(Caption-style text data)
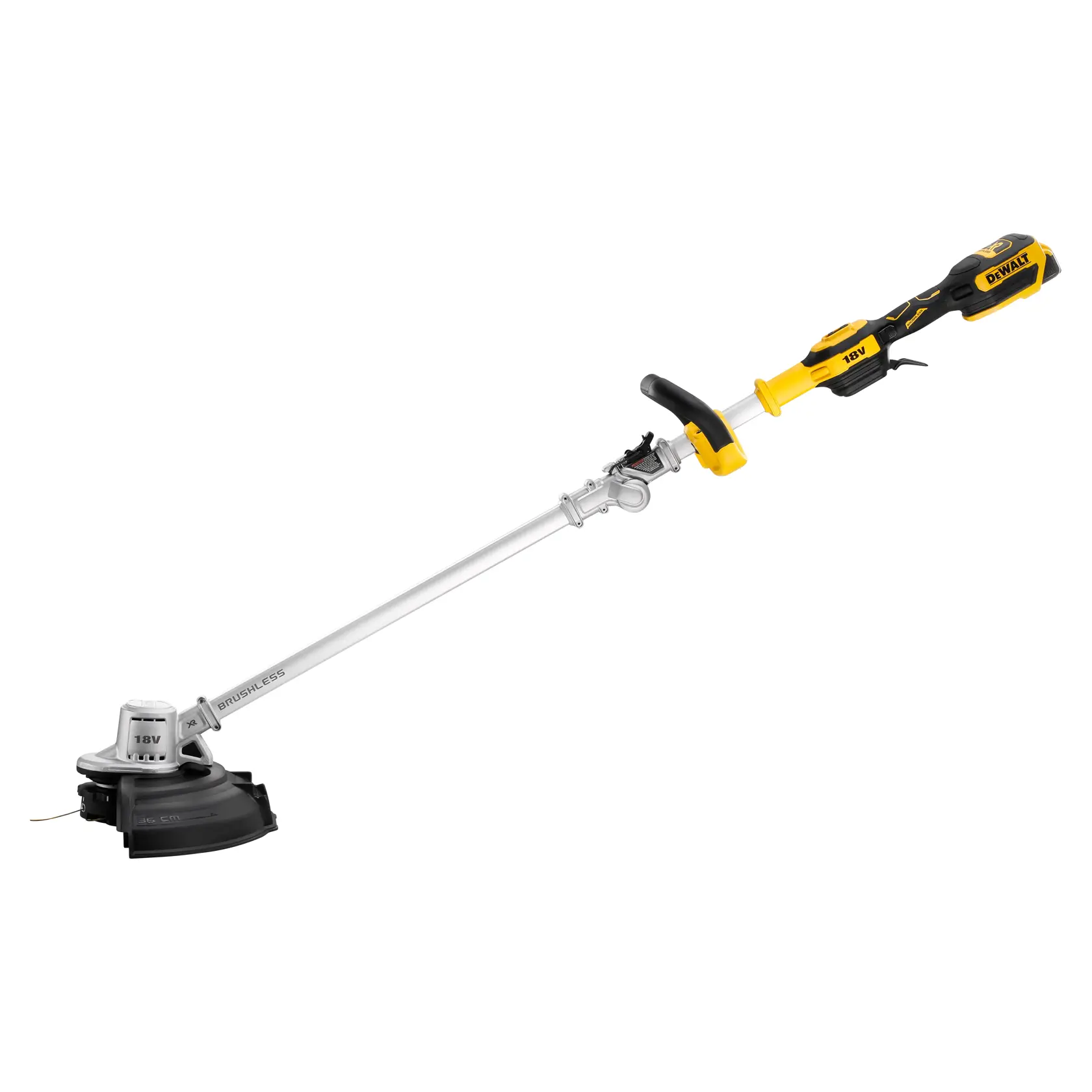 Tagliabordi a batteria DEWALT con motore brushless, impugnatura gialla e nera, lungo albero argentato e protezione di taglio nera.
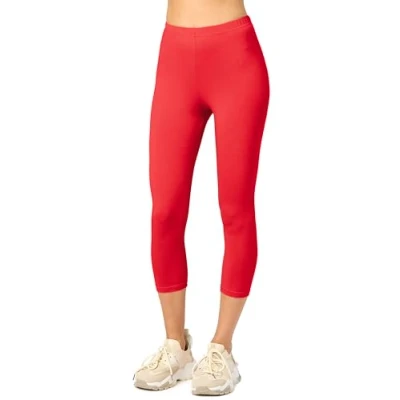 Afbeelding van Merry Style MS MS10 199 LE Dames Capri Leggings Sport Vrijetijdsbroek 3/4 Lengte Katoen Sporbroek Yogabroek Rood L
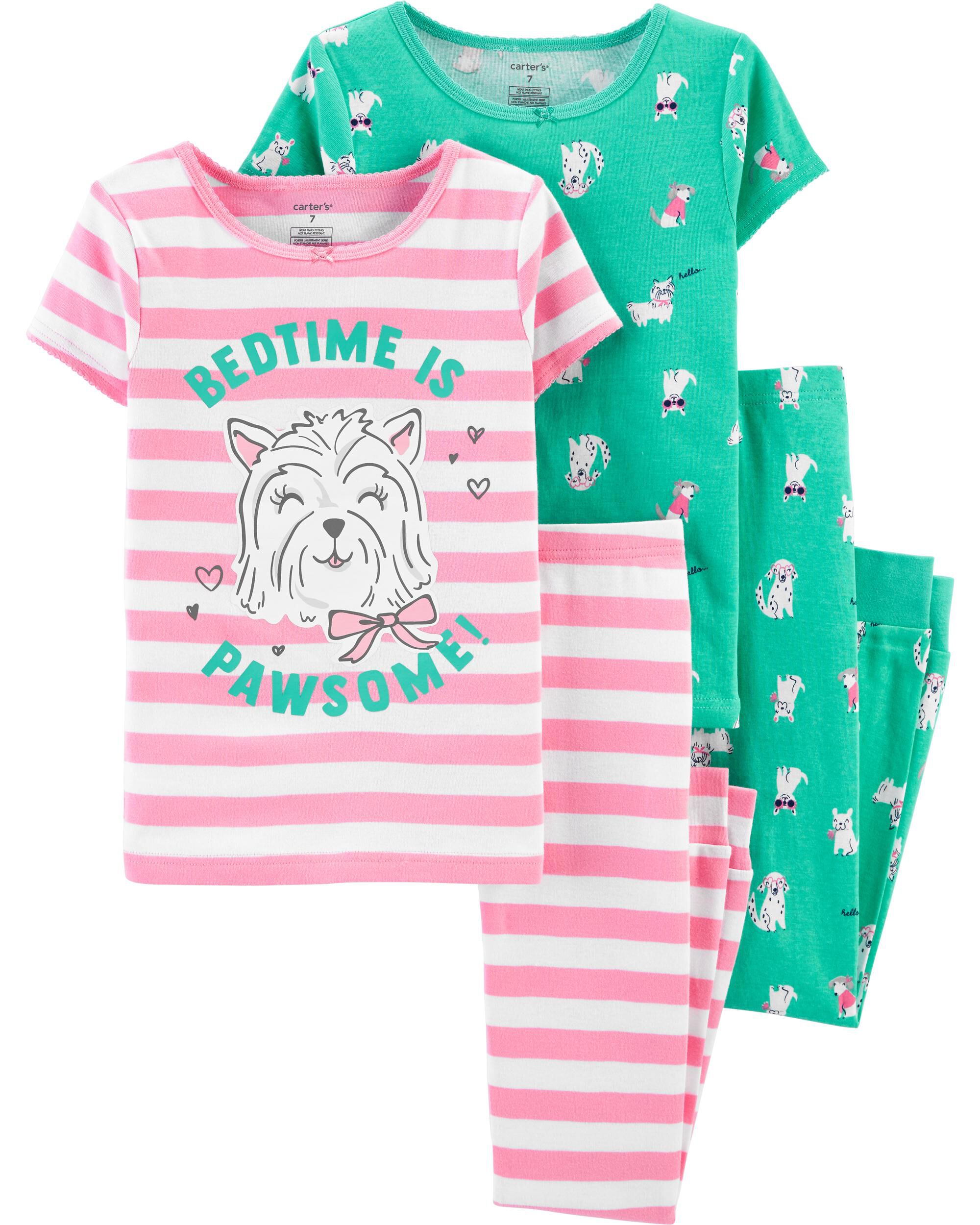 NWT Girls Fleece Carter/'s Footed Pajamas Size 4T Winter Pjs Pink Pig Dot NEW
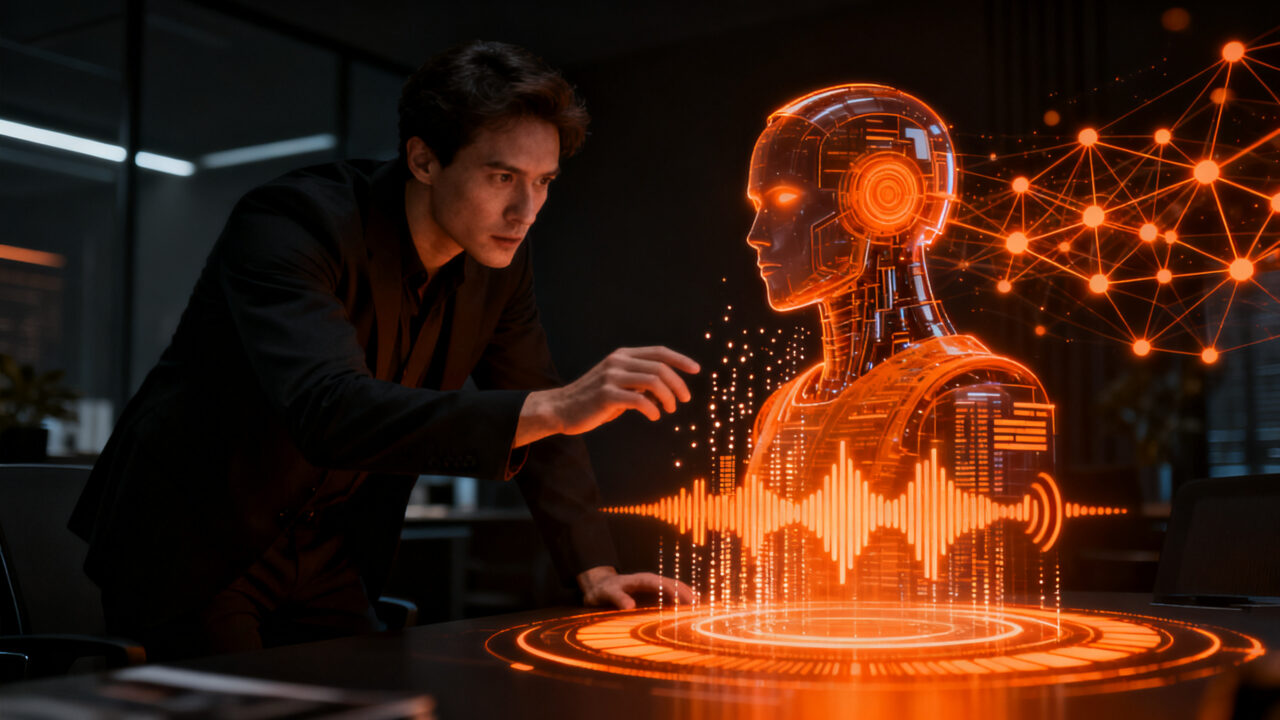 Agente de IA conversacional automatizando llamadas de clientes en una oficina futurista, representando la ronda de inversión de HeyDiga.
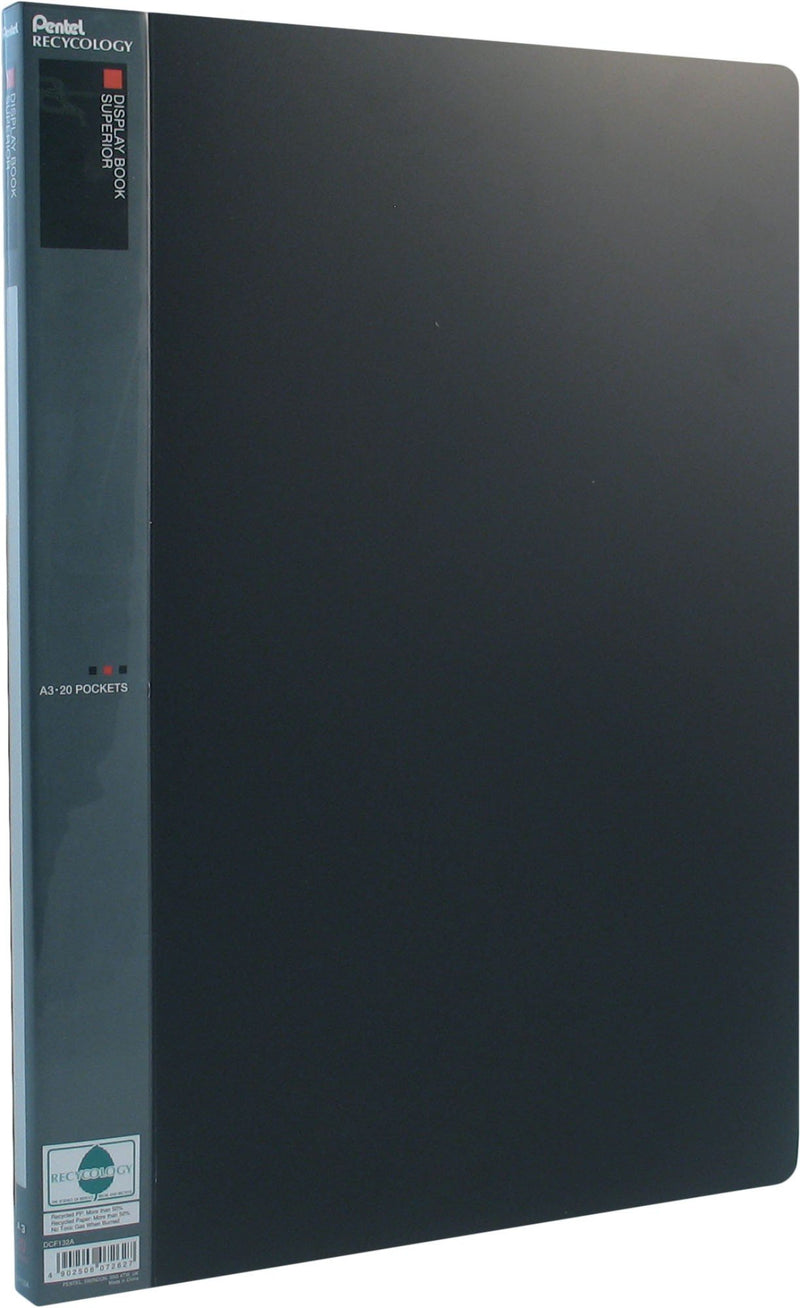 Pentel DCF132A A3 Superior 20-Pocket Display Book - Black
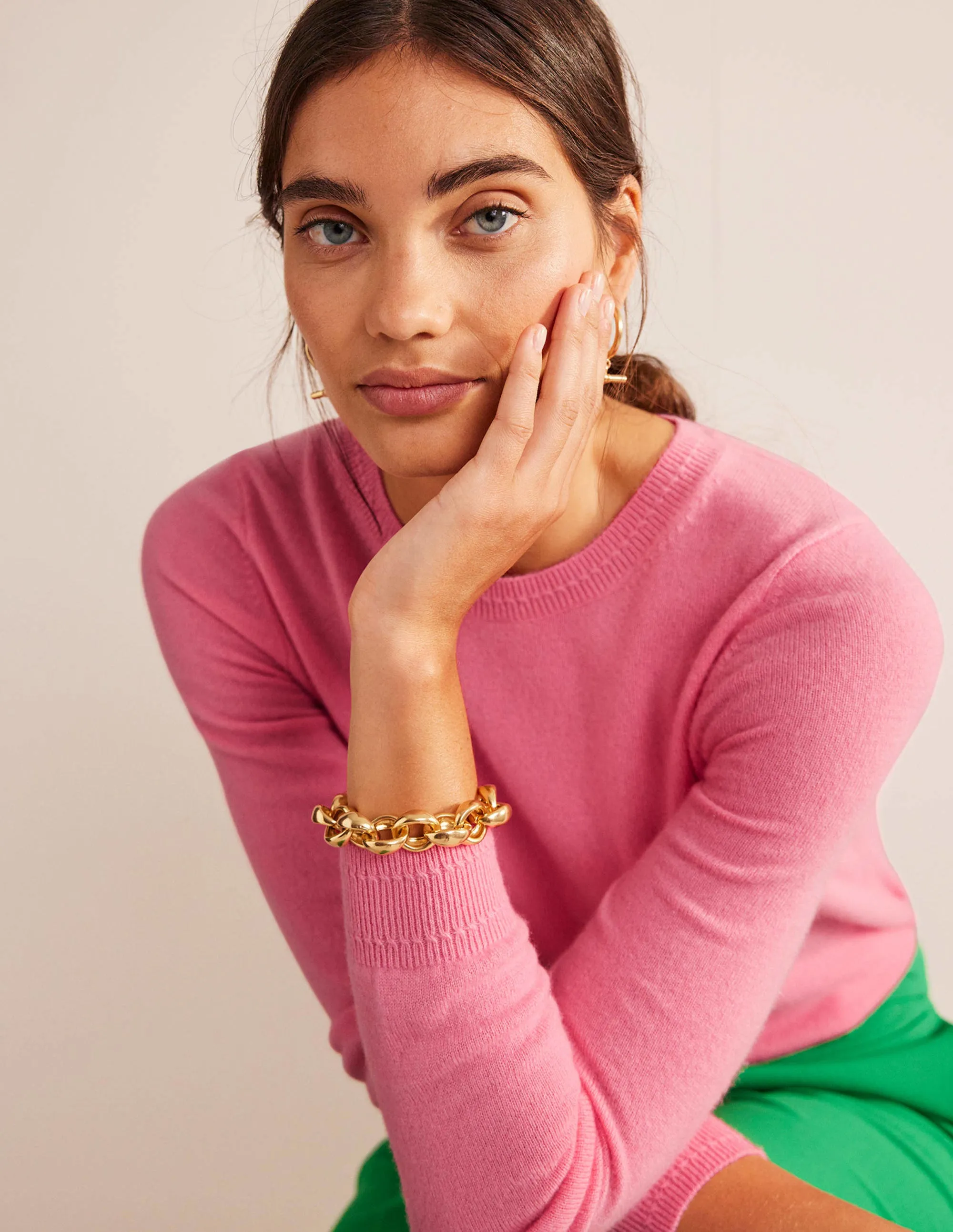 Eva Cashmere Crew Neck Jumper-Azalea Pink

- [WHAT YOU HAVE TO DO]: With pictures excluded, the lines running from the one containing "Afbeelding van Merry" through the last line of the records above are to be restated exactly and in full.

- [REPLY TO THE TASK]:
 Afbeelding van Merry Style MS MS10 199 LE Dames Capri Leggings Sport Vrijetijdsbroek 3/4 Lengte Katoen Sporbroek Yogabroek Rood L
 NWT Girls Fleece Carter/'s Footed Pajamas Size 4T Winter Pjs Pink Pig Dot NEW
 Agente de IA conversacional automatizando llamadas de clientes en una oficina futurista, representando la ronda de inversión de HeyDiga.
 Pentel DCF132A A3 Superior 20-Pocket Display Book - Black
 Eva Cashmere Crew Neck Jumper-Azalea Pink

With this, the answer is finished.